2) A letter suggesting the possibility of the Assumption was written and
attributed to St. Jerome (ad Paulam et Eustochium de Assumptione B. Virginis,
Op. tom. v. p. 82, Paris, 1706).
3) A treatise to prove it not impossible was wrongly attributed to St.
Augustine (Op. tom. vi. p. 1142, ed. Migne).
4) Two sermons supporting the belief were written and wrongly attributed to
St. Athanasius (Op. tom. ii. pp. 393, 416, ed., Ben. Paris, 1698).
5) A fraudulent insertion was made in Eusebius’s
Chronicle that ‘in the year 48 Mary
the Virgin was taken up into heaven,
as some wrote that they had had it revealed to them.’

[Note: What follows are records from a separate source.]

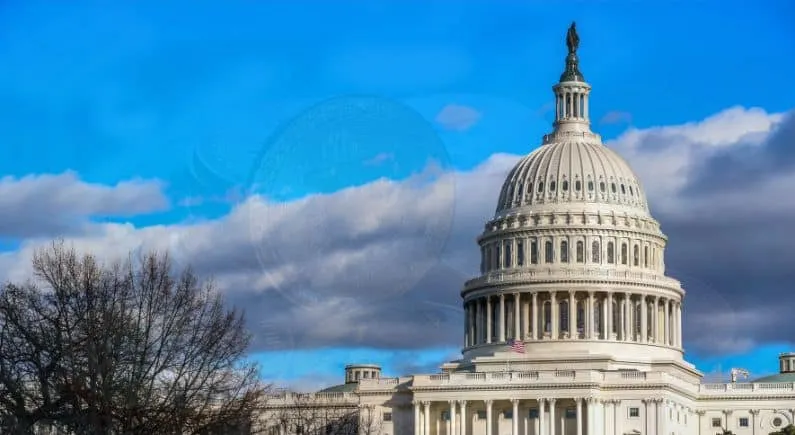 Прийняття закону CLARITY щодо регулювання крипторинку США можуть відкласти до 2027 року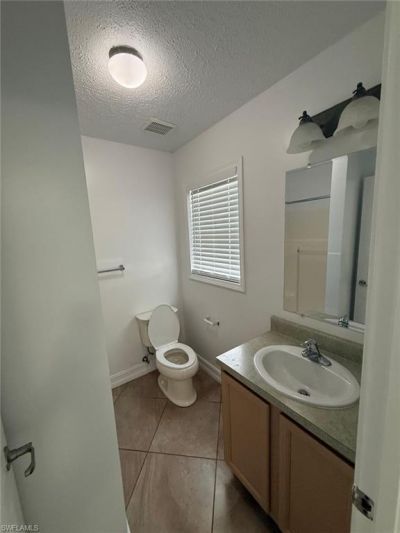 218 Leawood Cir , Naples, FL 34104 Photo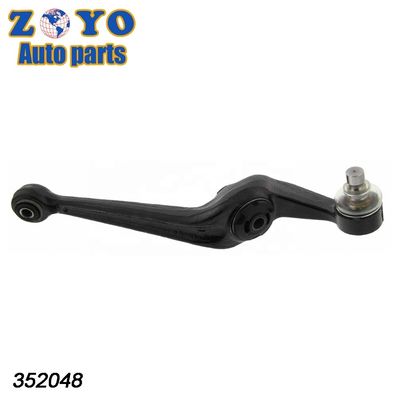 OE NO. 352050 Manche de commande avant inférieure pour Peugeot 205 Pièces de suspension Pièces de rechange automobiles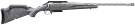 Ruger American Gen 2 243 Winchester Rifle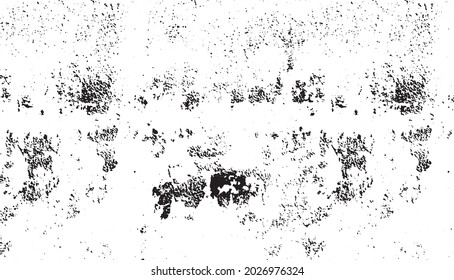 Textur, Wand, Beton, es kann als Hintergrund verwendet werden. Wandfragmente mit Kratzern und Rissen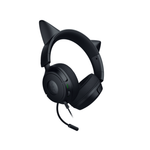 Razer Kraken Kitty V3 X - Black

Thus the authority of the names of St. John, of Melito, of Athanasius, of
Eusebius, of Augustine, of Jerome was obtained for the belief by a series of
forgeries readily accepted because in accordance with the sentiment of the day,
and the Gnostic legend was attributed to orthodox writers who did not entertain
it. But this was not all, for there is the clearest evidence (1) that no one
within the church taught it for six centuries, and (2) that those who did first
teach it within the church borrowed it directly from the book condemned by pope
Gelasius as heretical. For the first person within the church who held and
taught it was Juvenal, bishop of Jerusalem (if a homily attributed to John
Damascene containing a quotation from from ‘the Eutymiac history’...be for the
moment considered genuine), who (according to this statement) on Marcian and
Pulcheria’s sending to him for information as to St. Mary’s sepulchre, replied
to them by narrating a shortened version of the de Transitu legend as ‘a most
ancient and true tradition.’ The second person within the church who taught it
(or the first, if the homily attributed to John Damascene relating the above
tale of Juvenal be spurious, as it almost certainly is) was Gregory of Tours,
The Abbe Migne points out in a note that ‘what Gregory here relates of the death
of the Blessed Virgin and its attendant circumstances he undoubtedly drew...from
Pseudo-Melito’s Liber de Transitu B. Mariae, which is classed among apocryphal
books by pope Gelasius.’ He adds that this account, with the circumstances
related by Gregory, were soon afterwards introduced into the Gallican
Liturgy...It is demonstrable that the Gnostic legend passed into the church
through Gregory or Juvenal, and so became an accepted tradition within it...Pope
Benedict XIV says naively that ‘the most ancient Fathers of the Primitive CHurch
are silent as to the bodily assumption of the Blesseed Virgin, but the fathers
of the middle and latest ages, both Greeks and Latins, relate it in the
distinctest terms’ (De Fest. Assumpt. apud. Migne, Theol. Curs. Compl. tom.
xxvi. p. 144, Paris, 1842). It was under the shadow of the names of Gregory of
Tours and of these ‘fathers of the middle and latest ages, Greek and Latin,’
that the De Transitu legend became accepted as catholic tradition.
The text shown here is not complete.